Jordie Bellaire, Nate Bellegarde, Eric Stephenson (vía)

Reseña previamente publicada en Aux Magazine


4 de abril de 2015

La trama del arte vasco


Entiendo que trama tiene varios de sus diversos significados en el título de este libro, aunque sea el más físico (el que alude a una red) el que verdaderamente aplique a este histórico ensayo. Escrito en 1919, La trama del arte vasco es un estudio de las primeras generaciones de la en aquel entonces incipiente pintura vasca, representada por varios autores que entre finales del siglo XIX y principios del siglo XX vivieron en París y que trajeron ideas renovadas e inspiradoras al arte nacional, y rompieron con la tradición hispana oficial que, anclada en la larga sombra de Goya, sólo pintores vascos y catalanes fueron capaces de cuestionar, según el autor, un crítico bilbaíno apodado Juan De La Encina.

Retrato de la Condesa Mathieu de Noailles (Ignacio Zuloaga)

Este volumen es un facsímil editado en 1998 de la primera edición impresa en 1920, e incluye al final las láminas, casi todas en blanco y negro (lo cual debo confesar me parece algo delito en estos tiempos tratándose de autores que trabajaron el impresionismo por mucha pureza del libro que se quiera conservar), de varios cuadros de los autores estudiados por el autor: los hermanos Zubiaurre, Zuloaga, Regoyos, Guiard, Losada, Arrúe, Arteta, etc… El texto consta de 20 pequeños capítulos en los que De La Encina opina libremente sobre los autores, el movimiento que constituían, y su relación con el arte español del momento y el histórico, destacando en parte su rupturismo y en parte la vuelta a determinados autores clásicos que habían sido olvidados.

La siega, de Adolfo Guiard

La trama del arte vasco debía ser un primer volumen de una serie que se malogró en parte por la crisis económica que se inició a principios de los años 20 al paralizarse la Gran Guerra, que debilitó a los mecenas de una escena artística bilbaína que, habiendo salido de la nada, por un momento pareció competir con las de Madrid y Barcelona.

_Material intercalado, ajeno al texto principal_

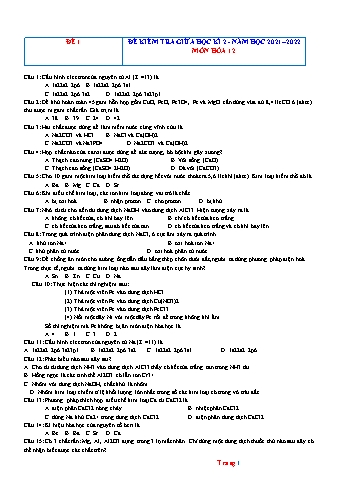 Đề kiểm tra giữa học kì 2 Hóa học Lớp 12 - Năm học 2021-2022 (Có đáp án)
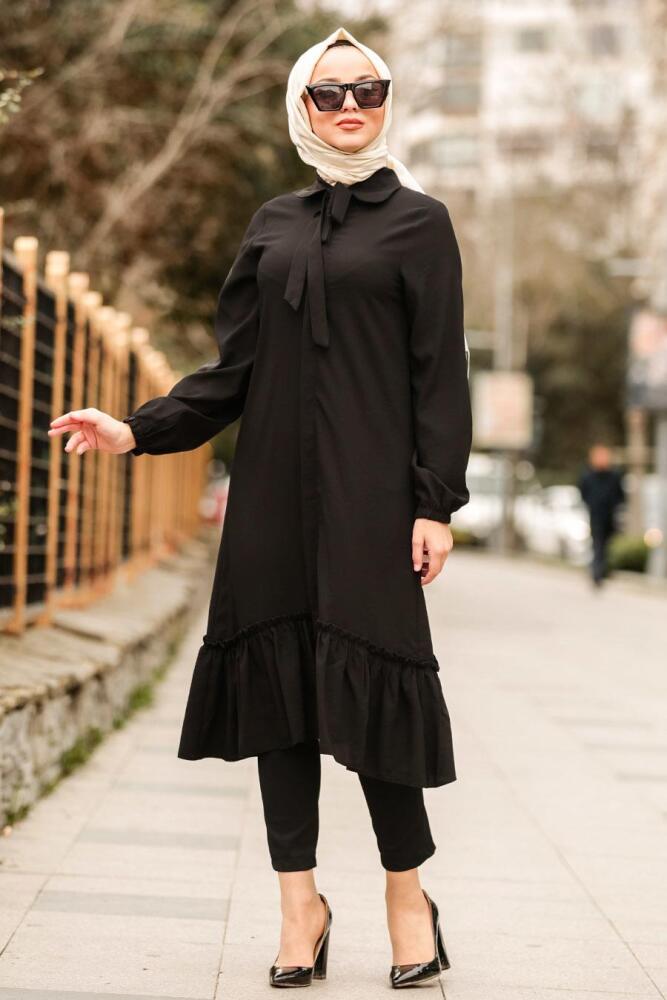 Noir-Nayla Collection - Tunique Hijab 5426S - 1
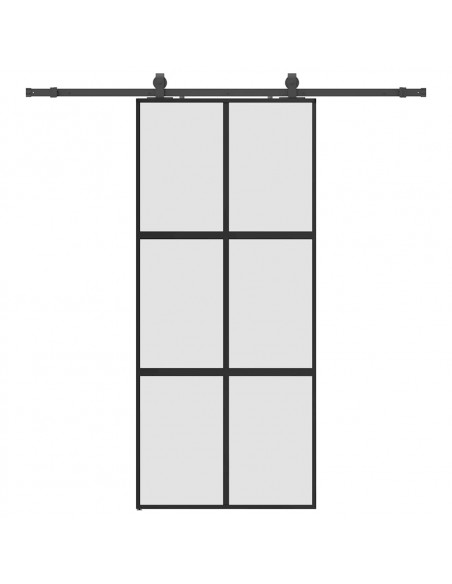 Porta Scorrevole Set Ferramenta Nera 90x205 cm Vetro Temperato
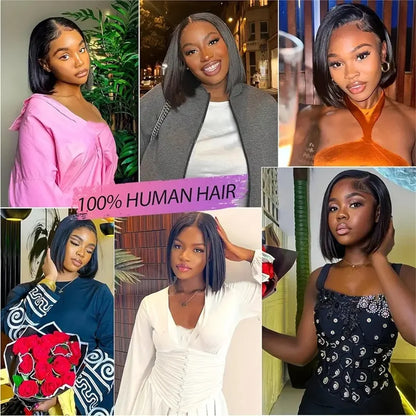 BOB Lace Front Wig Human Hair Straight 200% Full Density 13x4 HD Transparent Lace Frontal Wigs Bob Hair Lace Front Wig For Women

Recogía en sus capítulos el lenguaje de la época, definitorio de las cualidades de los vascos como pueblo, y deudor de un momento literario un tanto sentencioso. Su vehemencia verbal unida a la pompa de un plural más mayestático que modesto parece hoy en efecto más sentencia que crítica, aunque obviamente los criterios no pueden ser los mismos que hace un siglo, cuando apenas existía tradición crítica artística en el País Vasco. Eso sí, como buen periodista de aquellos años, su prosa en gran parte es fascinante, su caudal de conocimientos importante, y su análisis del objeto de estudio es completo, relacionándolo con las corrientes de los últimos 50 años en pintura y literatura, y utilizando argumentos de una incipiente psicología en su análisis. Se me antoja que debió ser un texto imprescindible, hasta el punto de que sospecho que visitar el Museo de Bellas Artes de Bilbao bajo su guía debe mejorar notablemente la experiencia, situar los cuadros en su época, y comprenderlos con una debida conexión con cómo se vivían las vanguardias en provincias.